TWI549346B - Catalyst for fuel cell and method of fabricating the same - Google Patents

Description

Catalyst for fuel cell and manufacturing method thereof

The present invention relates to a catalyst and a method of manufacturing the same, and more particularly to a catalyst for a fuel cell and a method of manufacturing the same.

A fuel cell is basically an electrochemical power generation device that converts chemical energy into electrical energy by redox reaction. In a common proton exchange membrane fuel cell (PEMFC), methanol or hydrogen is oxidized at the anode, and oxygen is subjected to oxygen reduction reaction (ORR) at the cathode.

In general, since the reduction reaction of the cathode is slower than the oxidation reaction of the anode, a noble metal such as platinum is used as a cathode catalyst to accelerate the reduction reaction. Further, the conventional cathode catalyst is usually synthesized by mixing a precursor of a noble metal, an organic substance, and pyrolysis at a temperature of 300 ° C to 1200 ° C for 4 to 8 hours. Therefore, it takes a lot of time and energy to synthesize the cathode catalyst. On the other hand, synthetic cathode catalysts generally use toxic solvents such as Dimethylformamide (DMF) or chloroform which cause environmental pollution, and are therefore extremely unfriendly to the environment.

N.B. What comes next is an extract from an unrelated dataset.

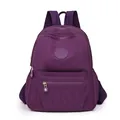 Casual purple nylon backpack for women with multi-pocket design and water-resistant finish - Purple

Conventional fuel cell catalysts are, for example, platinum/carbon (Pt/C) catalysts, pyrolyzed vitamin B12/carbon catalysts, published by Chen et al., Energy Environ. Sci., 2012, 5, 5305-5314, Pyrolyzed tetramethoxyphenyl-purple cobalt (II)/carbon catalyst, pyrolyzed cobalt/carbon and cracked as described by Chen et al., Energy Environ. Sci., 2012, 5, 5305-5314 Titanium iron hydride catalyst or a higher cost catalyst such as cracked cobalt-calorie/carbon catalyst of Adv. Funct. Mater. 2012, 22, 3500-3508. Therefore, how to develop a catalyst for fuel cells without increasing the manufacturing cost is one of the focuses of current technicians in this field.

The present invention provides a method for producing a catalyst for a fuel cell, which can reduce manufacturing cost and shorten process time.

The present invention provides a catalyst for a fuel cell comprising a carbon carrier and a nitrogen-containing metal compound and a sulfur-containing metal compound, which are low in manufacturing cost, short in process time, and have good oxygen reducing ability.

The method for producing a catalyst for a fuel cell of the present invention comprises the following steps. The first mixture is mixed with a solvent to form a mixed liquid, wherein the first mixture includes a nitrogen-containing precursor, a sulfur-containing precursor, a non-precious metal-containing precursor, and a carbon support. The solvent in the mixture is removed to form a second mixture. The second mixture is heat treated.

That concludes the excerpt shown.